The fireships arrived on 10 April, along with HMS Beagle, and William Congreve himself, aboard the Cleveland.[22] Orders were issued for the night of the 11th.[23]

Allemand was by now aware of the fireships and the likely British plan of attack and prepared defenses: ships boats were placed in the water to tow away the fireships, and sails were reduced to minimize flammable material.[24]

Cochrane personally led the fireship attack at the Basque Roads on the night of 11 April, beginning at 8:30 pm.[25] Two of the explosion vessels were moved into position. At 9:30 Cochrane ordered the fuses lit. Cochrane and his skeleton crew then took to boats and returned to Imperieuse.[26]

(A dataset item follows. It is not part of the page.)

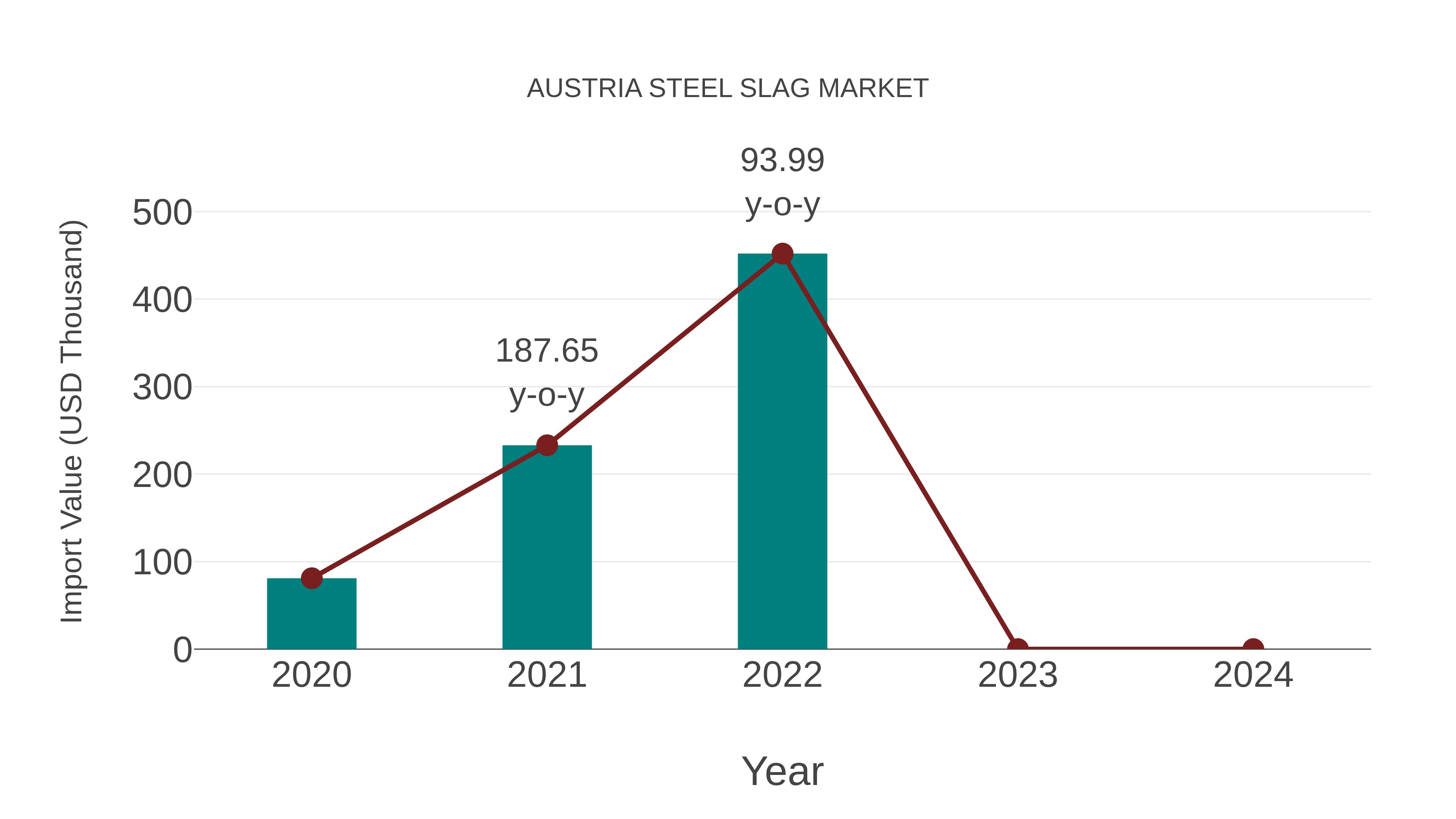  Austria Steel Slag Market: Import Trend Analysis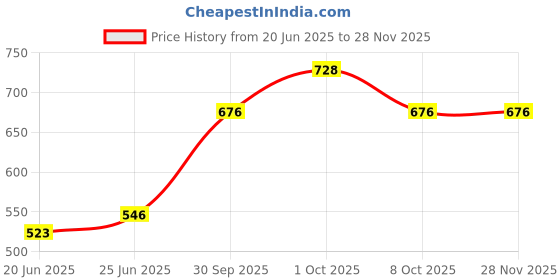 ajio.com bombay spreads 150 TC Leaf Print King Bedsheet with Pillow Cover bombay spreads Price History Graph from 20 Jun 2025 to 27 Nov 2025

The first ships possibly damaged the 2 mile wide harbor boom (a chain of anchor cable) that covered the harbour entrance, however it was actually cleared by HMS Mediator as it led the fireship assault.[27]

Next the fireships attacked, launching rockets as they closed with the anchored fleet.

Many of the fireships failed to get into position or were grounded. The bomb vessel Aetna threw its shells against the enemy batteries, and was supported by rockets and the distant broadsides of Imperieuse, Unicorn, Pallas, and Aigle. The general scene was one of chaos with ships ramming one another and fireships burning in the anchorage.

As dawn broke on the morning of 12 April, 1809, Cochrane saw that the French fleet had in part been immobilized, with some warships run-a-ground completely. Only the Foudroyant and Cassard remained afloat and mobile.

The French forces thus immobilized, Cochrane, at 6 am, signaled for support. He was refused it by Gambier who delayed until the tide had risen, and around 10 am closed to three miles from the harbor. There he anchored, ordering only the Aetna and some other bomb ships to continue the engagement.[28] Meanwhile, the French fleet was slowly regaining its mobility, a combination of rising tide, lighter ships (by throwing their guns overboard) and the tireless efforts of the crews to warp the ships back into deep water.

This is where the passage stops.